Dan orang-orang yang tidak bersaksi dengan kebohongan dan tidak menghadiri majelis-majelis kebohongan.
Dan bila mereka melewati para pelaku kebatilan dan pemuja permainan tanpa sengaja, maka mereka berlalu dengan berpaling, mengingkari dan membersihkan diri darinya, serta mereka tidak merelakannya untuk orang lain.

Tafsir Ibnu Katsir
Oleh Ismail bin Umar Al-Quraisyi bin Katsir Al-Bashri Ad-Dimasyqi:

Apa yang telah disebutkan di atas merupakan sebagian dan sifat-sifat hamba-hamba Tuhan Yang Maha Pemurah, yaitu bahwa mereka tidak pernah memberikan kesaksian palsu.
Menurut suatu pendapat, makna yang dimaksud adalah tidak pernah berbuat kemusyrikan dan tidak pernah menyembah berhala.
Menurut pendapat yang lainnya lagi ialah tidak pernah berdusta, tidak pernah berbuat fasik, tidak pernah berbuat kekafiran, tidak pernah melakukan perbuatan yang tidak ada faedahnya, dan tidak pernah berbuat kebatilan.
Menurut Muhammad ibnul Hanafiyah, makna yang dimaksud ialah perbuatan yang tidak ada faedahnya dan bernyanyi.
Abul 'Aliyah, Tawus, Ibnu Sirin, Ad-Dahhak, dan Ar-Rabi' ibnu Anas serta lain-lainnya mengatakan bahwa makna yang dimaksud ialah tidak pernah menghadiri hari-hari raya kaum musyrik.
Menurut Umar ibnu Qais, maknanya ialah tidak pernah menghadiri majelis yang di dalamnya dilakukan kejahatan dan kefasikan.
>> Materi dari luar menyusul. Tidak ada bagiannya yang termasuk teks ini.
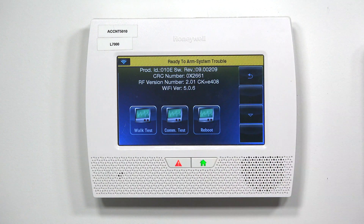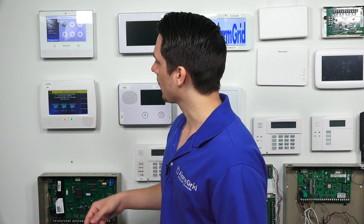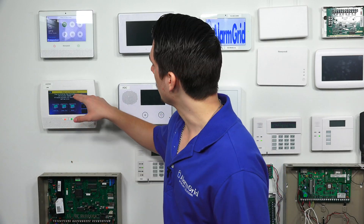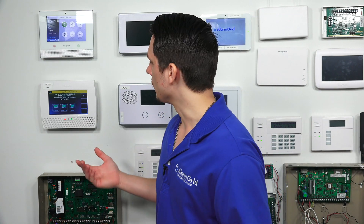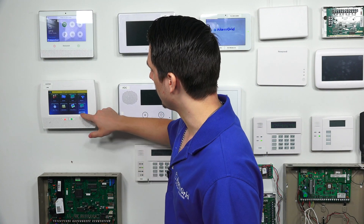Our L7000 is currently on the highest firmware version available, but depending on what your system is on, the number showing here will vary. Once you've confirmed the revision number, just hit the back arrow until you go all the way back to the main screen. That is how you find the revision number on your L5210 or your Honeywell Links touch system.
Malik telah meriwayatkan dari Az-Zuhri, bahwa makna yang dimaksud ialah tidak pernah minum khamr dan tidak pernah menghadiri tempatnya serta tidak pernah menyukainya, seperti yang disebutkan di dalam sebuah hadis:

Barang siapa yang beriman kepada Allah dan hari kemudian, maka janganlah ia duduk di suatu hidangan yang digilirkan padanya minuman khamr.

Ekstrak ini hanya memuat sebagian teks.